Mr Buttimer said he had not been subjected to any negative comments regarding his decision to come out.
He said Taoiseach Enda Kenny had wished him well on the move, and on the creation of the gay equality group, when the pair met at a GAA game in Croke Park on Sunday.
The creation of the Fine Gael lesbian, gay, bisexual and transgender forum for party activists and representatives marks a major shift in the organisation’s attitude to gay equality issues.
The Gay and Lesbian Equality Network (Glen) said Mr Buttimer had made a significant contribution to “the opening out of politics and society”.

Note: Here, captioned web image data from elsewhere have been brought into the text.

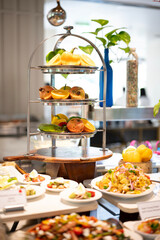 Foreground of gourmet non-vegetarian salads in small bowls with a vibrant stand of cut fruits and fresh vegetables in the background, styled at a hotel buffet counter.


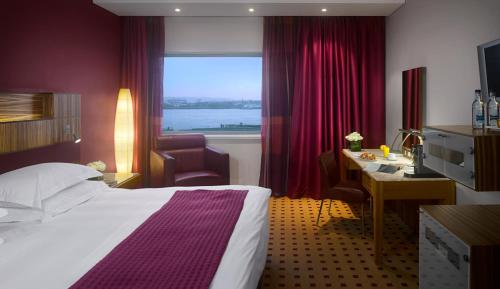 a hotel room with a bed and a desk and a window at Radisson Blu Hotel, Liverpool in Liverpool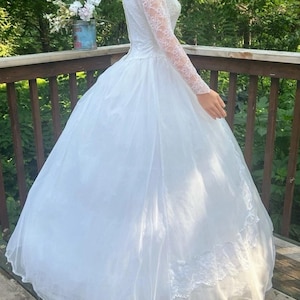 May include: A white wedding dress with a full skirt and long lace sleeves. The dress has a fitted bodice and a flowing skirt. The sleeves are made of delicate lace. The dress is made of a lightweight fabric and appears to be vintage.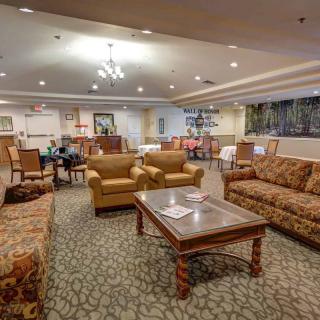 A cozy living room with comfortable seating and warm lighting.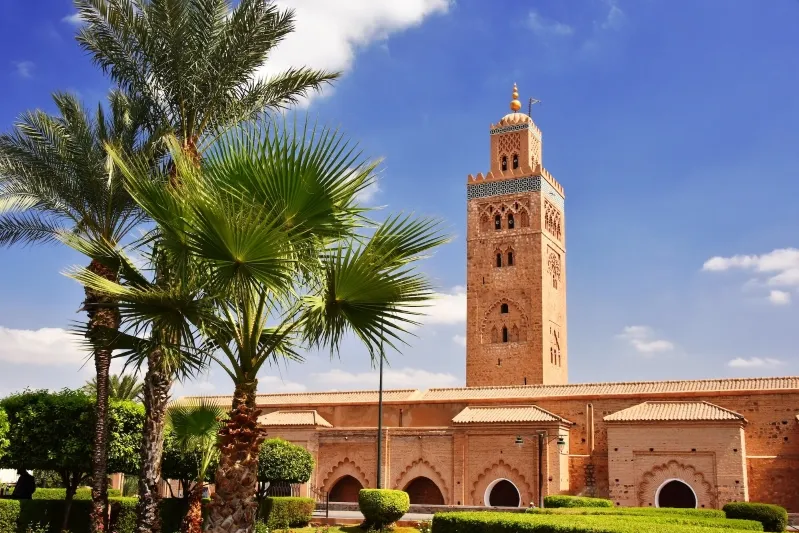 The iconic mosque in Marrakech, Morocco travel guide, showcasing intricate architecture and vibrant surroundings.
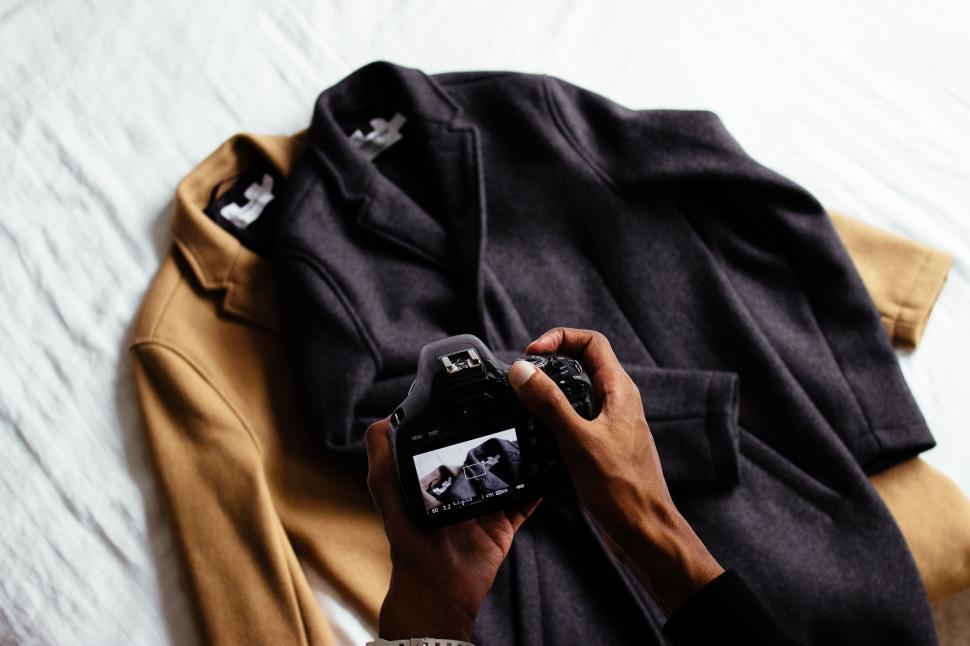 Free Image of Person Holding Camera Next to Jacket 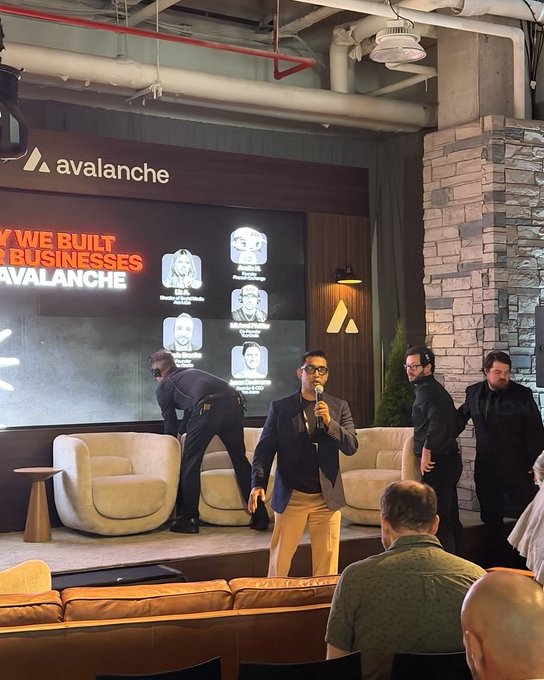 A man in a suit speaking on stage at an Avalanche event with a screen showing 'WHY WE BUILT THE BUSINESSES AT AVALANCHE' and team member profiles.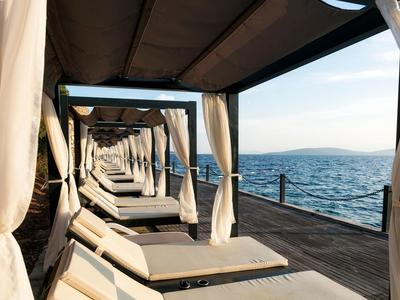 Alignement de lits de plage blancs avec rideaux sur une jetée en bois au bord de la mer au coucher du soleil.
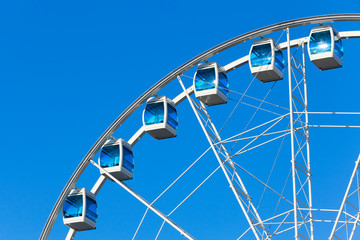 Ferris wheel over sky background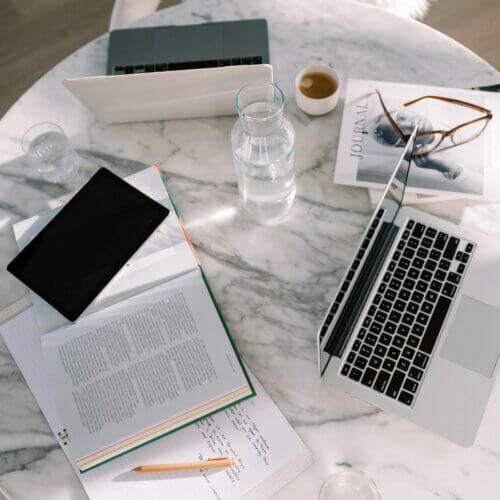 laptop on desk with papers and phone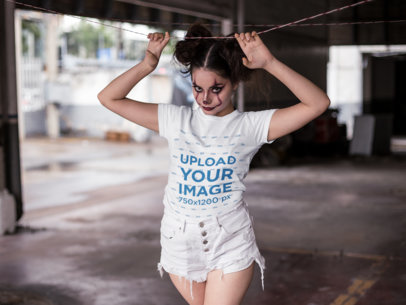 Halloween Makeup T-Shirt Mockup of a Woman Holding a Laundry Rope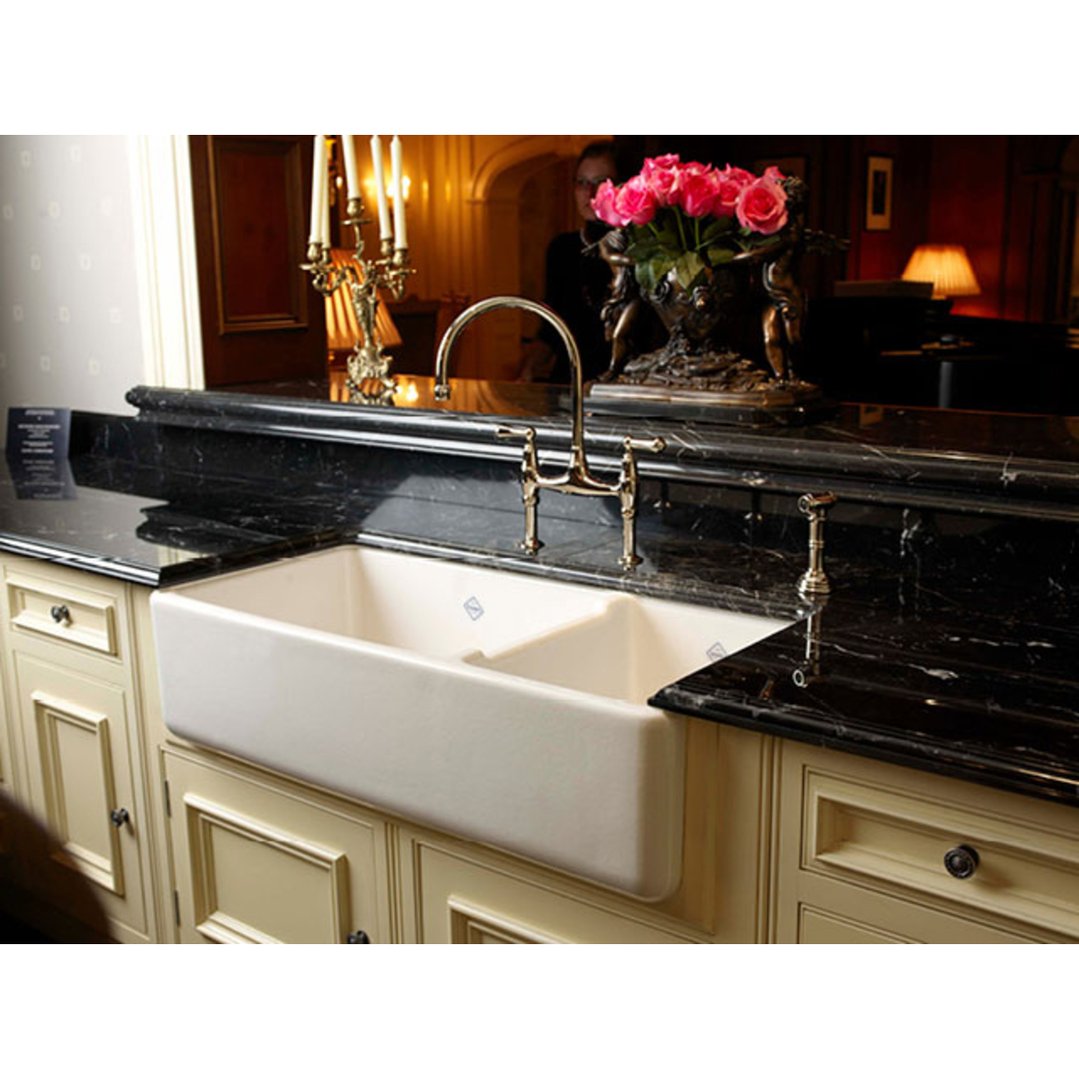 Edgeworth double bowl sink in a kitchen with black marble countertops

Chairman Kieran Rose said: “We salute Jerry’s leadership, and his openness will be an inspiration to many young gay people and will be warmly welcomed by lesbian and gay people throughout Ireland.
“It is a tribute to Jerry and the openness of the party that he and the group have got the strong support of the Taoiseach and Cabinet ministers.
“As important was that Jerry used this opportunity to set out the need for further legislative reform, including civil marriage for same-sex couples.”
The setting-up of the gay forum within Fine Gael comes after the party’s ard fheis supported gay marriage equality, bringing it into line with Labour, Sinn Féin, and Fianna Fáil.
Mr Buttimer said he would like to use the forum to press for a constitutional referendum on upgrading same-sex civil partnerships to full civil marriage status.
This would put the group at odds with senior party members such as Europe Minister Lucinda Creighton, who has been outspoken in her opposition to gay marriage equality.
The forum was launched at the weekend when some 150 Fine Gael activists gathered in Dublin, and the meeting was addressed by two Cabinet ministers, James Reilly and Frances Fitzgerald.
Mr Kenny is set to speak at the forum in the autumn, and has been supportive of its evolvement within the party.
Mr Buttimer has joined two Labour deputies as the TDs in the 166-person Dáil to have come out.